Transformers Flashcards
Transformers were developed to solve the problem of _____
sequence transduction
what is sequence transduction
any task that transforms an input sequence to an output sequence. This includes speech recognition, text-to-speech transformation, etc..
For models to perform sequence transduction it is necessary to have what?
Some sort of memory
RNNs are what
Feed forward networks with the input spread out over time, and as such deal with sequence data, like stock prices
List an example of an RNN vector sequence model
Labeling images. Image is is represented as a vector and the description as a sequence of text
RNN sequence to vector example
Sentiment analysis. Sequence of text (e.g movie review) output is a vector [.90, .10] indicating how good or bad the movie was
Example of RNN sequence to sequence transduction
Language translation
What is the notable characteristic of sequence input?
It has some defined ordering
Downsides of RNNs?
1) they’re slow to train. 2) they don’t deal with long sequences too well
What happens when RNNs process too long of sequences?
The gradients either vanish or explode
What is a consequence of RNNs being too slow to train?
We end up using a truncated version of backprop, and even then that is too slow
LSTM networks replace neurons with what?
An LSTM cell
LSTMs and RNNs relationship to GPUs
Their data must be processed sequentially. Meaning the output of one neuron must be used in the input for the next neuron. This makes it impossible to take advantage of GPUs being designed for parallel computation
Like RNNs, transformers use what architecture?
An encoder decoder architecture
GloVe
An unsupervised learning algorithm for obtaining vector representations for words
Embedding space
Maps a word (e.g “dog”) to a vector e.g [0.22, 0.73, 0.87, 0.17,…]
Why do transformers need the inputs to have positional encoding added to them?
Because unlike other architectures, the transformer doesn’t use recurrence or convolution and instead takes each data point originally as independent from each other [explain this from two different angles]
But on a more logical level this is necessary because orderingmatters in sequences. “The dog ate the cat” has a didferneemt meaning from “the cat ate the dog”. [and presumably knowing the order of dog and cat matters for the output language, because each different output language may order subject and objects differently]
Each element of data in the transformer combines information about other elements via self attention but each element does this on its own independently of what the other elements do
The AIAYN paper’s choice of positional embedding is best understood if you have knowledge of what?
Fourier Analysis
AIAYN
Attention is all you need
Positional embedding requirements
1) Every position should have the same identifier irrespective of the sequence length or what the input is
2) since the position embedding is added to the original vector for a token, and since the value of each dimension in the original vector is bounded, the position embedding should be bounded in the same domain such that positional similarity doesn’t have a much larger effect on the final value than semantic similarity, aka each value in each dimension of the semantic vector should be between 0 and 1
What is the benefit of using sin and cos to construct your positional embedding function as opposed to say using a sigmoid?
Since sigmoids are asymptomatic, large input values will have very similar output values so sigmoids would not be good for large sequences [ I guess this means the calculated semantic vectors for each latter token in the sequence would end up being very similar]
Why wouldn’t a simple cos or sin work to calculate say the first dimension value of the positional embedding? [where the parameter is the index of the token in the input sequence]
The periodicity of sin and cos would lead to multiple indices receiving the same positional value [which mighhht?
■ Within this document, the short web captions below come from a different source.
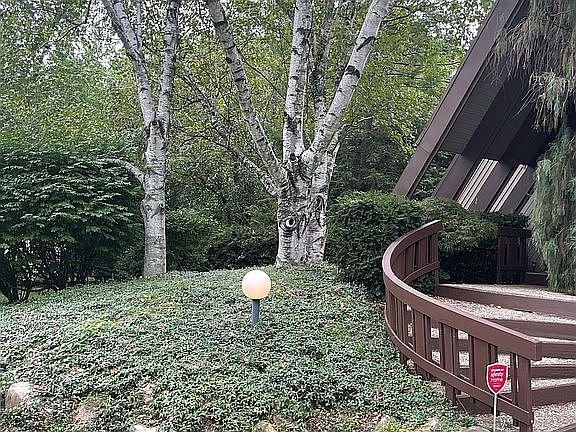 big beautiful birch trees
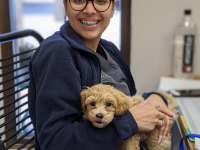 Disfunção Temporomandibular e Dor Orofacial veterinária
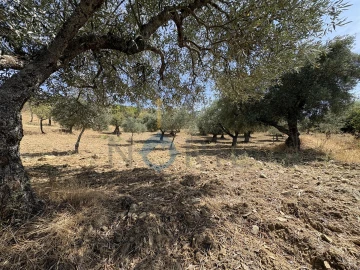 Terreno Agricola ou Rústico para Venda em Adeganha e Cardanha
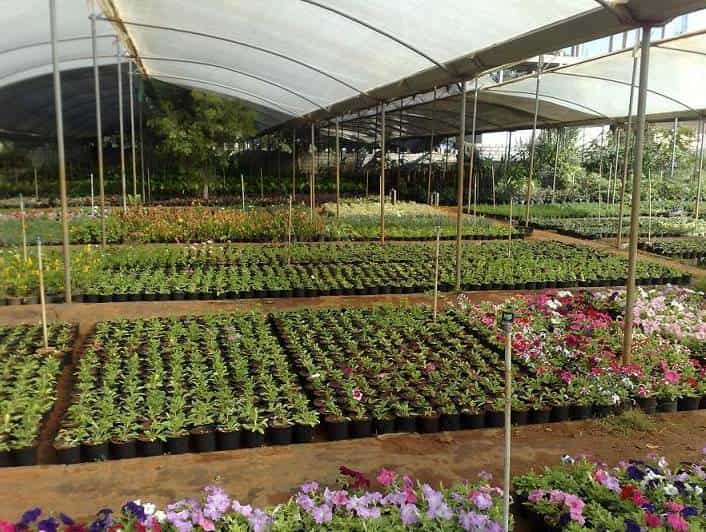 Karthik Farm And Nursery Ajjenahalli Plant Nurseries In Bangalore Justdial Karthik Farm And Nursery Ajjenahalli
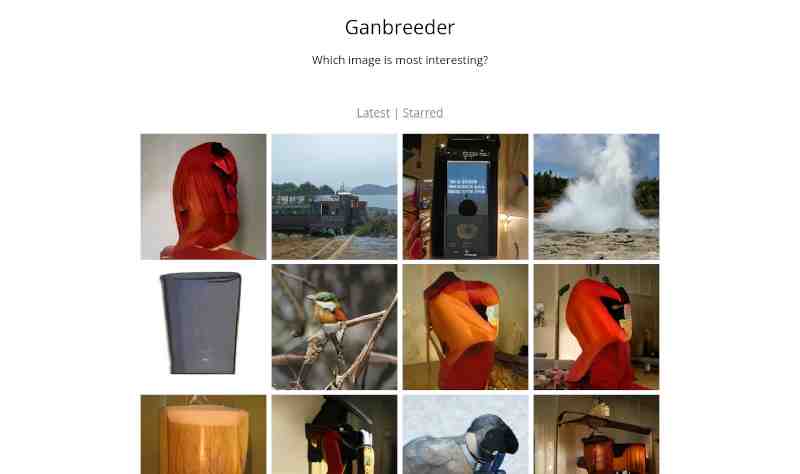 screenshot of the 'homepage', with a grid of synthetic images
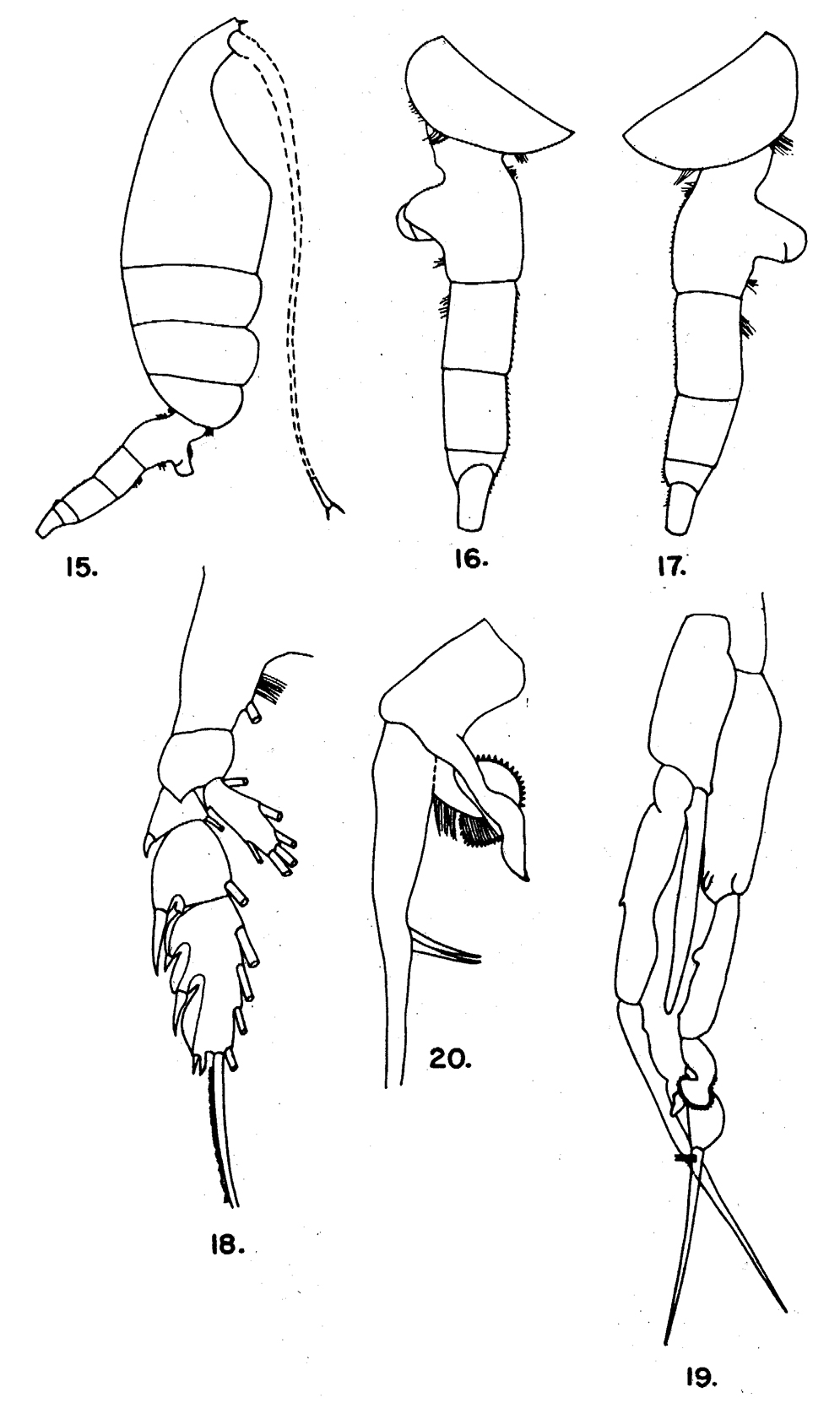 Espce Euchaeta tenuis - Planche 11 de figures morphologiques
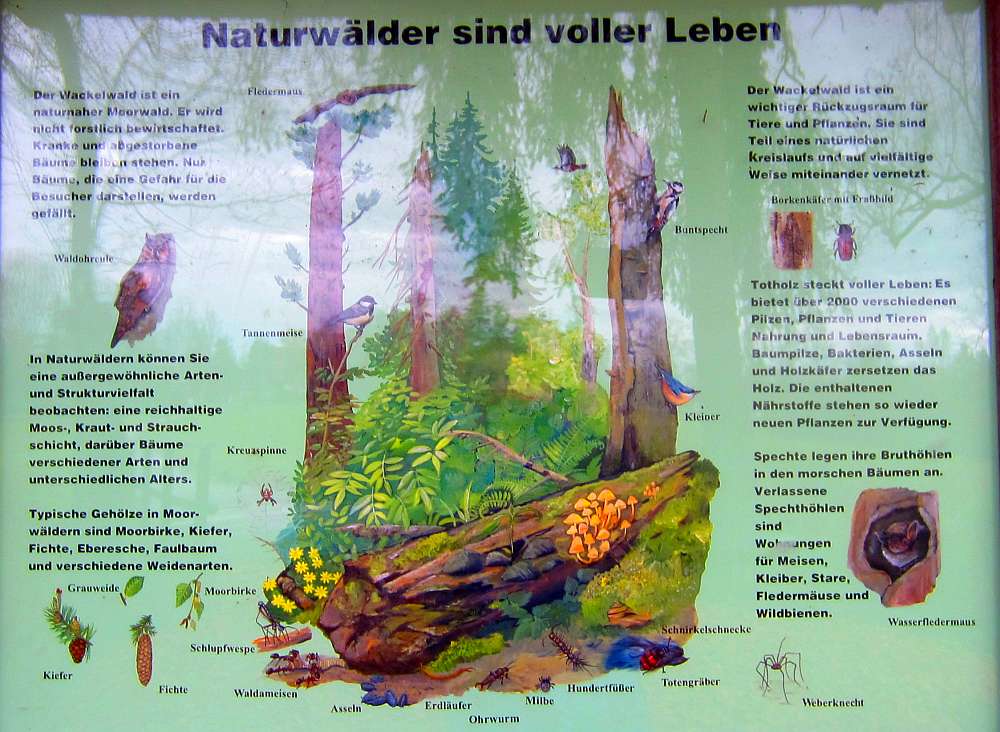 Schild_Naturwaelder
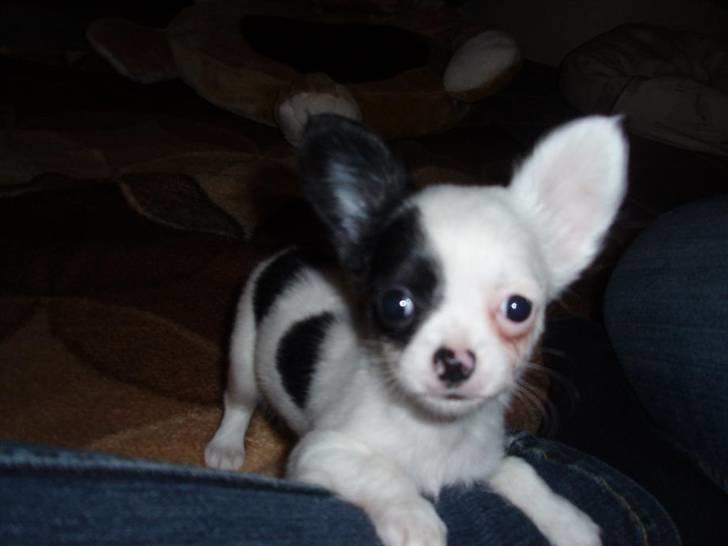Chihuahua Callista billede 2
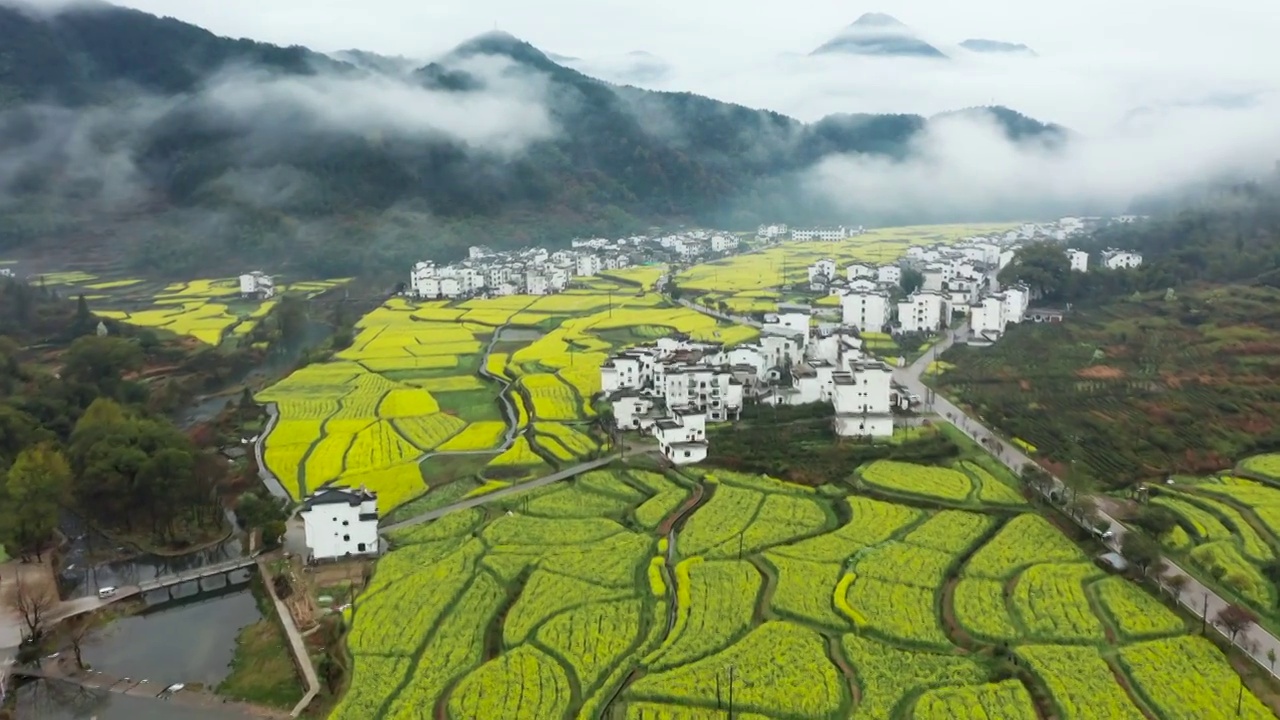 江西婺源徽派建筑油菜花云海风光航拍合集视频素材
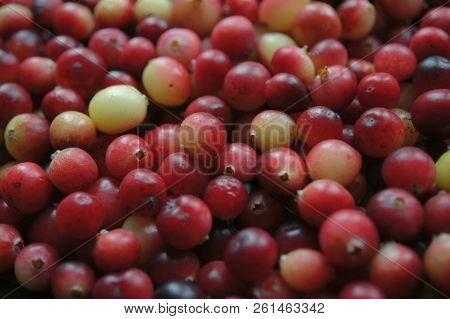 Cranberry Red Berry.
A Lot Of Cranberries. Autumn Harvest Of Vitamins. Card, Photophone, Background.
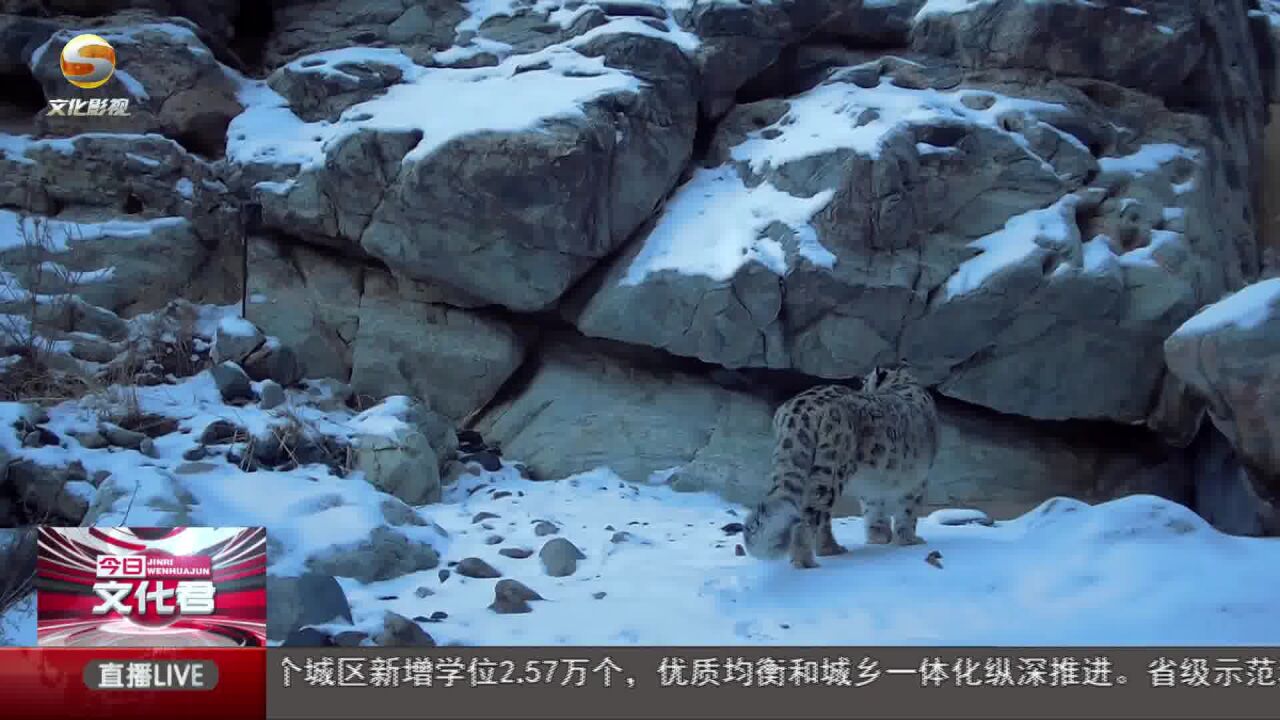 甘肃安南坝自然保护区拍摄到雪豹“一家三口”夜间外出活动的画面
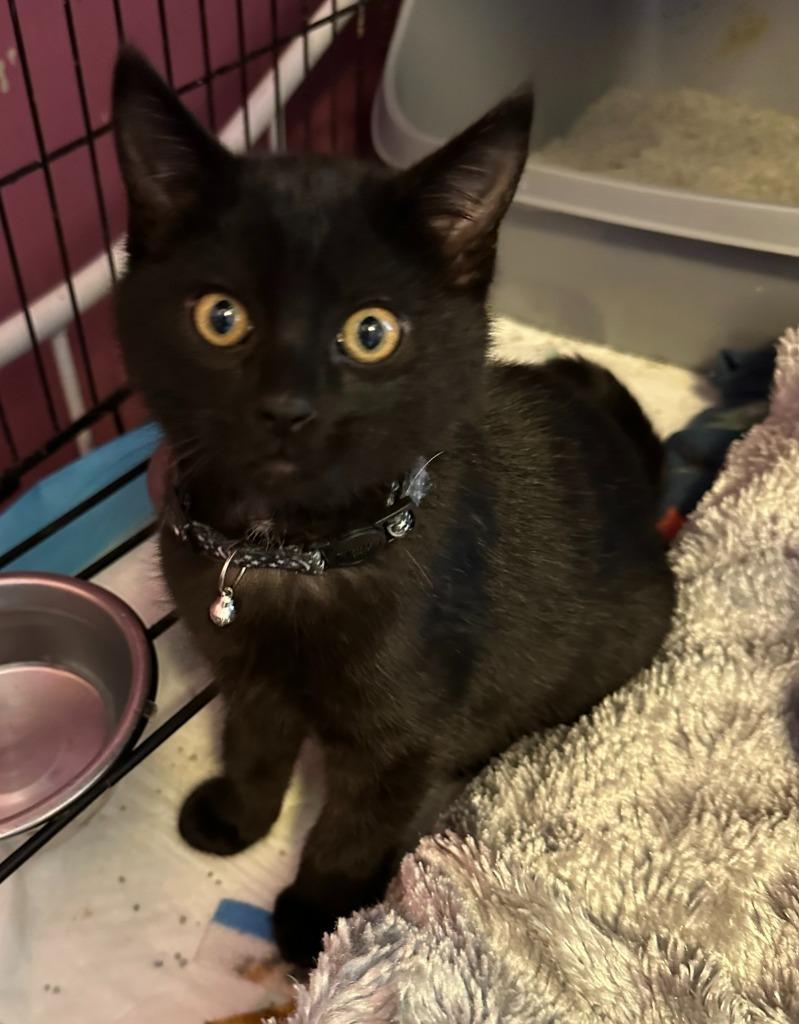 Checkers, a Adoptable mixed breed in Urbandale, IA image 2/3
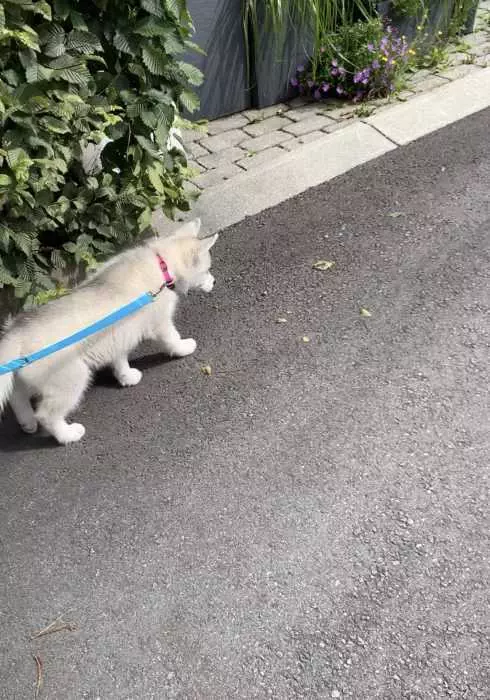 Luna The Husky Pup Going For A Walk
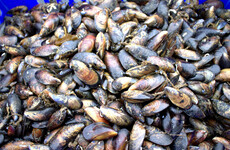 Thousands sign petition against mussel farm the size of 12 GAA pitches in Kerry
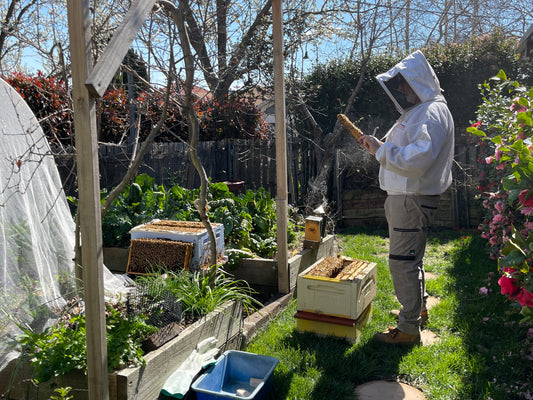 Beekeeping Field Services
Be ok if we end up coming up with a different formula for other dimensions of the vector, but regardless we still need to come up with some formula that works for other dimensions
Why wouldn’t a very stretched out version of sin work as the position function? E.g such that it’s period was say 4x the length of the data such that it resembles a continuous function with the outputted values progressing from 0 to 1
The positional embedding value deltas between each position would be too small and the semantic values would overshadow the positional values
The sin and cos relative positional embedding works best for what type of data?
Text. Apparently doesn’t work that well for images
What is the word vector with positional information passed into?
The encoder block (or more properly the first core layer of the encoder block [depending on whether we include the input embedding layer and positional encoding layer as part of the encoding block and the remaining grouped+repeated layers as the “core section” of the encoding block]
At a high level The encoder block is composed of what?
A multi headed attention layer and a feed forward layer
Attention involves answering what question?
What part of the input should I focus on?
What is a more formal way to describe the attention question?
For each ith word in the sentence, how relevant is the ith word in the sentence to each other word in the sentence?
What does the (multi-head) attention layer of the encoder block output?
Attention vectors. A vector representing how much the ith word in an English sentence is relevant to the other words in that same English sentence
What does the feed forward layer in the encoder block [of a transformer] do at a high level?
They are applied to every attention vector
The convert the attention vector into a form that is digestible by the next encoder or decoder block
What does the decoder take as input and produce as output?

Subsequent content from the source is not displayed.